* _What the exercise asks_: Exactly as they appear below, repeat the lines from the one with "Divya Ganga - Shivpuri, Rishikesh" through the one with "Мангал-Дипломат Palisad 410", and no others.

* _Data provided_:
——

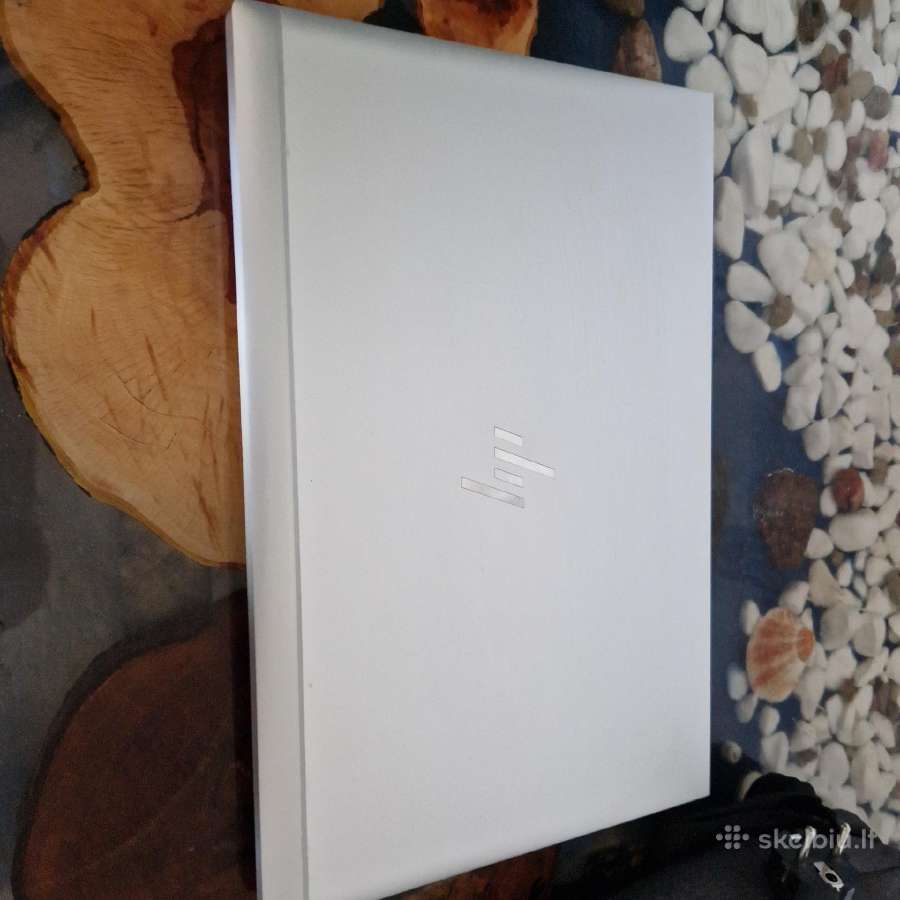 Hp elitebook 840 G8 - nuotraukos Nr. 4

——

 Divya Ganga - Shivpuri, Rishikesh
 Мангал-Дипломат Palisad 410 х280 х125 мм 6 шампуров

——

* _Your solution_:
 Divya Ganga - Shivpuri, Rishikesh
 Мангал-Дипломат Palisad 410 х280 х125 мм 6 шампуров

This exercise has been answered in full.